Os olhos da menina passaram do castanho para o verde com uma rapidez assustador­a. Ela repetiu:

“Mas... Mas... Eu queria tanto!”

Na mesma velocidade com que mudaram de cor, os olhos da menina marejaram, e os lábios tremeram.

Por um momento, Carolina, sempre tão calma, sentiu também uma estranha vontade de chorar. Tomou as mãos da menina e disse, em voz baixa:

“Se você quer tanto, vamos combinar uma coisa? Faz de conta que você tem dez anos.”

A menina sorriu, mas o sorriso foi eclipsado por uma nova transforma­ção operada em seus olhos. O verde agora ganhava uma tonalidade fulgurante, quase etérea, e as pupilas pareciam dois pontos finais. O mais incrível, porém, é que Carolina conhecia aqueles olhos de algum lugar. “Obrigado, professora!”

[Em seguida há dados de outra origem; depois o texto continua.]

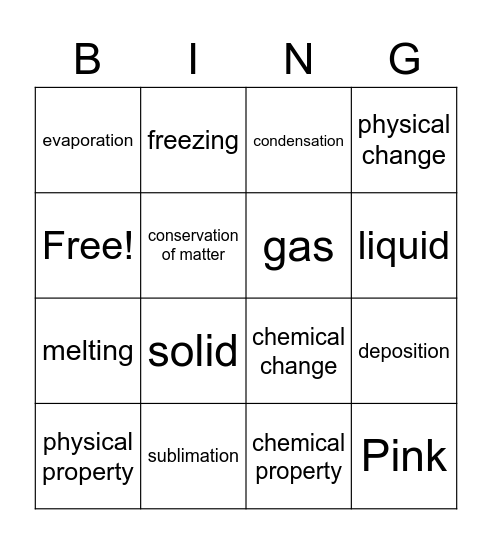 Changes in Matter and State Bingo Card
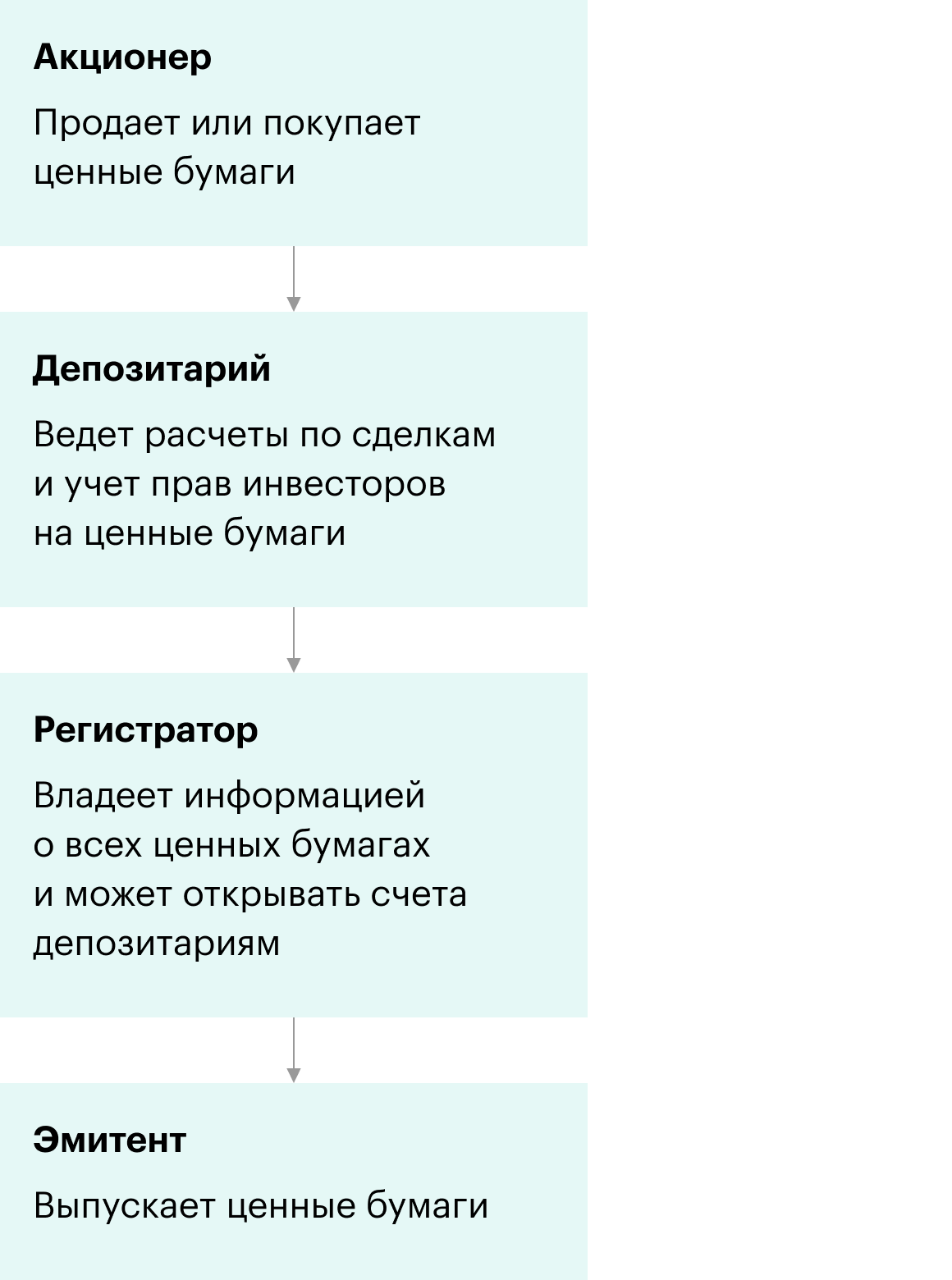 Схема взаимодействия акционеров, депозитариев, регистраторов и эмитентов.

Carolina abriu a gaveta e tirou uma ficha de inscrição. Quando a menina lhe disse o nome do pai, a professora sentiu um aperto no coração, e chorou. *******

No dia seguinte, as alunas do curso de bordado estavam em polvorosa. Uma delas veio correndo até Carolina e disse:

“Professora, professora!

Essa Renata é uma mentirosa. Fica dizendo pra todo mundo que é sua irmã!”

“Ela não está mentindo, meninas. Agora sentem-se, que a aula vai começar.”